The cake offers a balance of creamy vanilla notes and fruity brightness from the peaches. Its texture is soft yet structured enough to hold slices cleanly. Serving with whipped cream can complement the richness and highlight the peach flavor.
This recipe can be varied by substituting almond extract for vanilla or using other berries, though fresh fruit is preferred to avoid excess moisture. Baking until a toothpick comes out clean confirms doneness. Cooling before slicing preserves the cake's texture.
Ingredients
- 1 1/2 cups all-purpose flour
- 1 tsp baking powder
- 1/4 tsp salt
- 14 ounces peach no need to peel (if you don't have a scale try about 2 1/2 cups, diced, firm
- 1 stick 1/2 cup unsalted butter at room temperature
- 1 cup sugar plus 2 Tbsp for sprinkling
- 3 egg room temperature, large
- 2 tsp vanilla extract
- 1/4 cup sour cream
- 1/4 cup buttermilk
Instructions
- Set oven to 350F
- Lightly spray a 9 or 10 inch spring form pan.
- Whisk together the flour, baking powder, and salt and set aside.
- Cream the soft butter and sugar together in a stand mixer for 3-4 minutes, until light and fluffy. Scrape down the side of the bowl a couple of times.
- Add the eggs, one at a time, and then the vanilla.
- Whisk the sour cream and buttermilk together in a small bowl.
- Add the flour to the mixing bowl alternately with the sour cream mixture, beginning and ending with the flour. Mix until combined, but don't over mix.
- Fold in the peaches and turn into the prepared pan.

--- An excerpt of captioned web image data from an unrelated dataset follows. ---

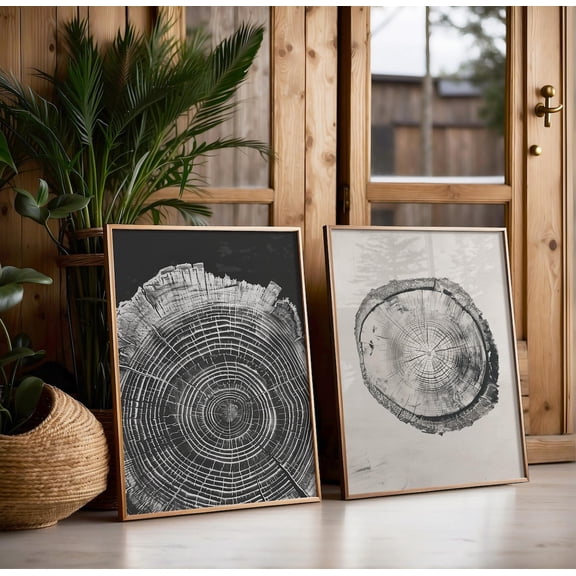 Rustic Tree Ring Wall Art Print Set Of 2 With Neutral Wood Decor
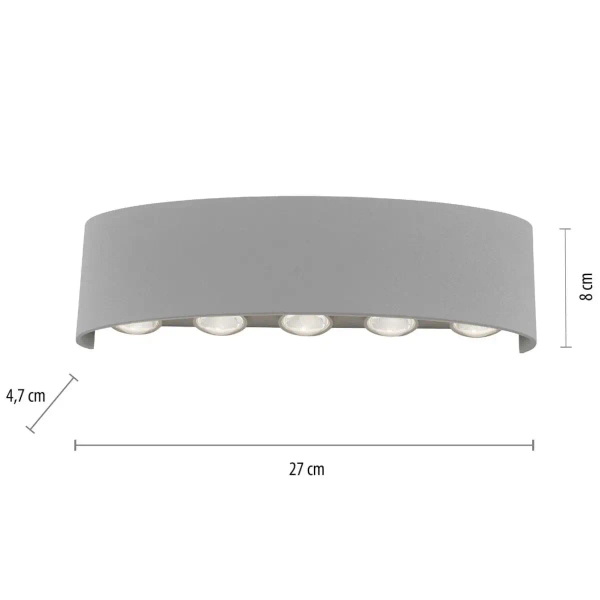 Ogrodowy kinkiet srebrny Carlo LED 8W 3000K elewacyjny outdoor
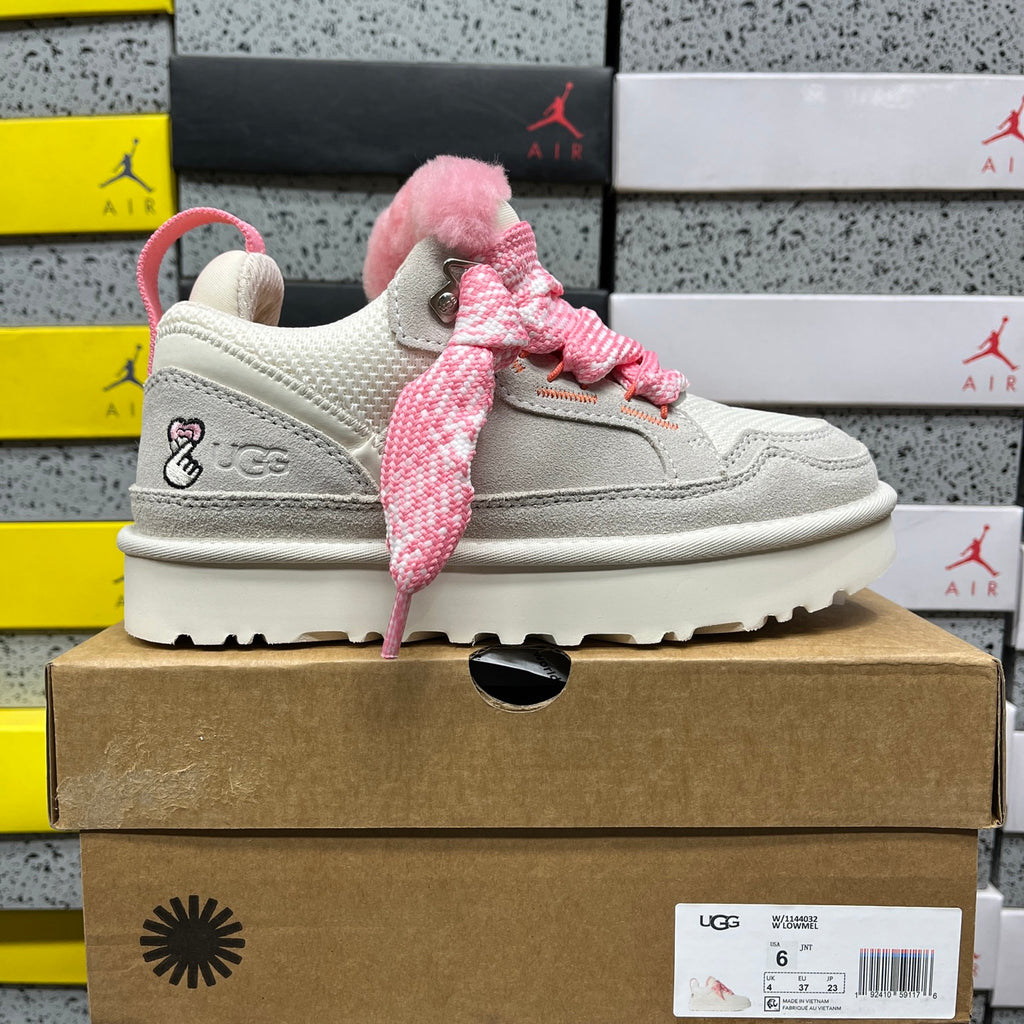 UGG Low-Top Platform Sneakers in White & Pink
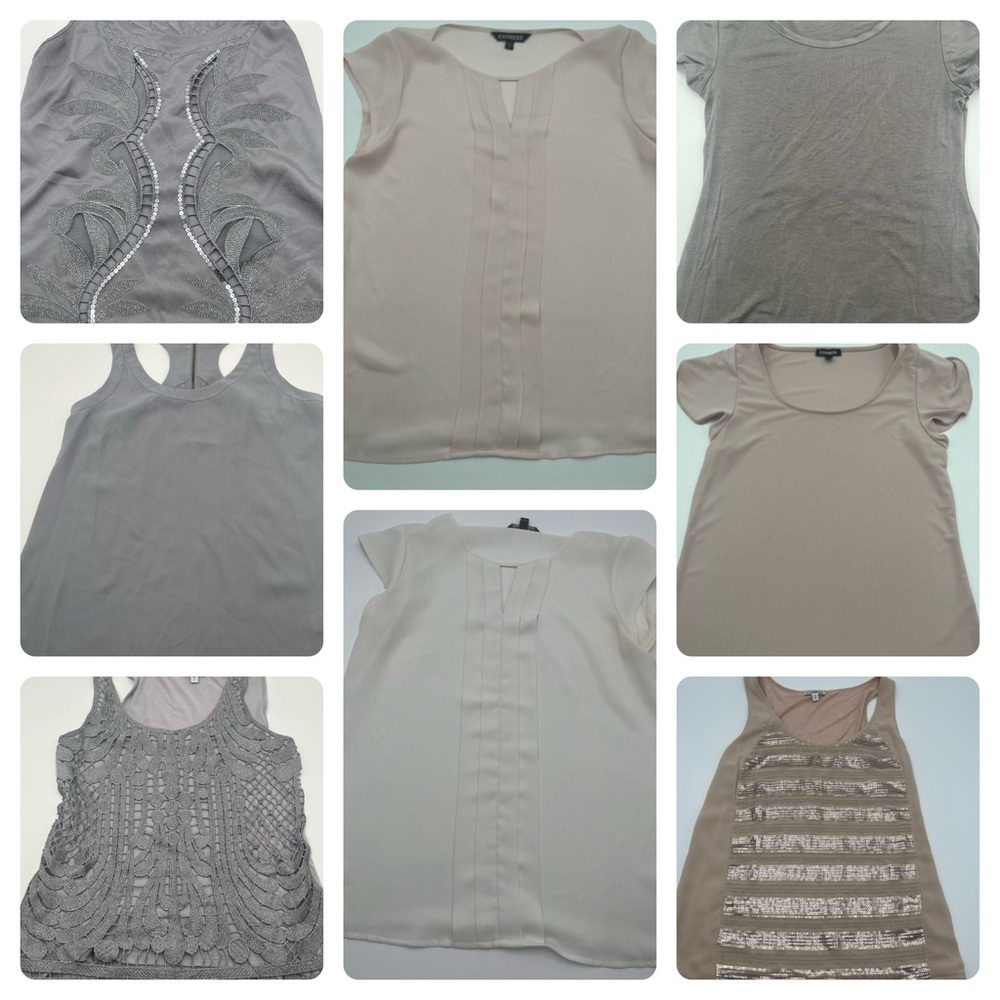 Lot of 8 express shirts - woman’s small and x-small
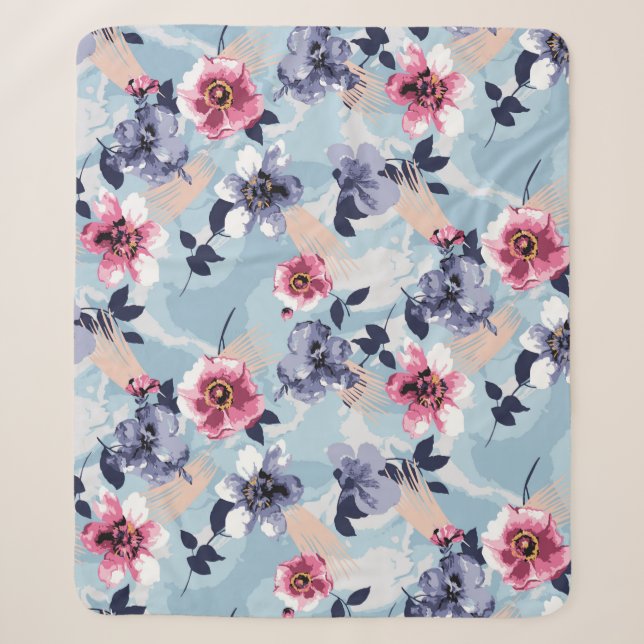 Manta Sherpa diseño de patrones de flores ilustraciones textile (Anverso)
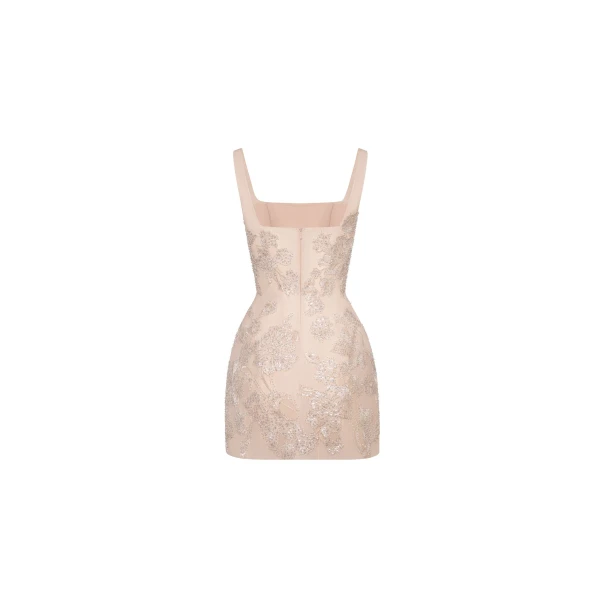 Milla Fitted nude mini dress with bows, view 3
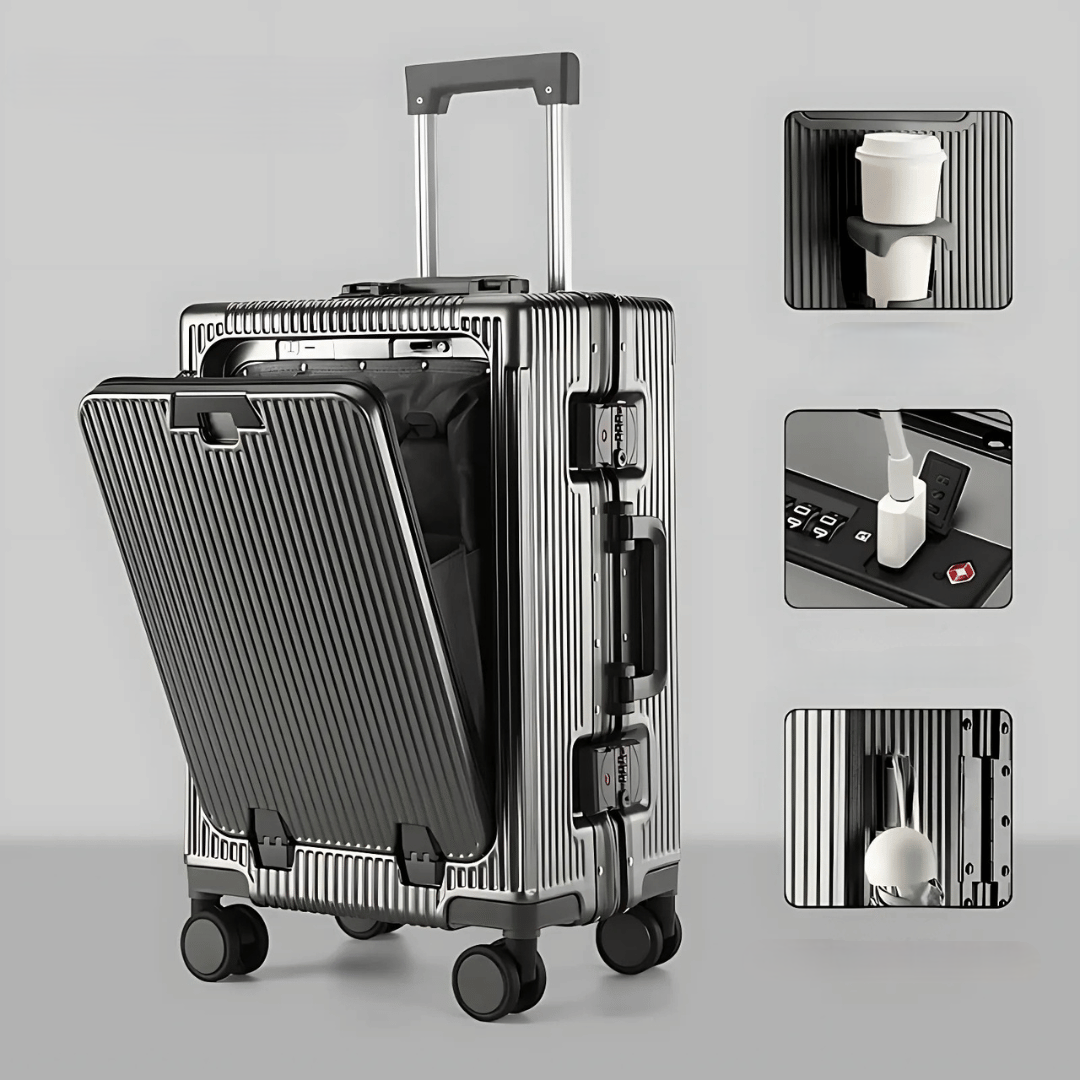 Unisex tech hardshell carry-on suitcase, smart luggage with USB charging for modern travelers.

Smooth out the top. Sprinkle the surface of the cake liberally with granulated sugar.
- Bake for 50-60 minutes, or until the cake is golden and a toothpick inserted in the center comes out without wet batter clinging to it.
- Let cool on a rack and then release from the pan to slice. Serve as is, or with a dollop of whipped cream.
Notes
- Substitute almond extract for vanilla to change the flavor profile.
- Fresh berries can replace peaches, but frozen berries may add unwanted moisture.
- Ensure the cake is fully cooled before slicing to maintain structure.
Nutrition Information
Show DetailsNutrition Facts
Serving: 8Serving
Amount Per Serving
Calories 350 kcal
% Daily Value*
| Calories | 350kcal | 18% |
| Carbohydrates | 49g | 16% |
| Protein | 5g | 10% |
| Fat | 15g | 23% |
| Saturated Fat | 9g | 45% |
| Polyunsaturated Fat | 1g | 6% |
| Monounsaturated Fat | 4g | 20% |
| Trans Fat | 0.5g | 25% |
| Cholesterol | 97mg | 32% |
| Sodium | 205mg | 9% |
| Potassium | 183mg | 4% |
| Fiber | 1g | 4% |
| Sugar | 30g | 60% |
| Vitamin A | 663IU | 13% |
| Vitamin C | 2mg | 2% |
| Calcium | 56mg | 6% |
| Iron | 2mg | 11% |
* Percent Daily Values are based on a 2,000 calorie diet.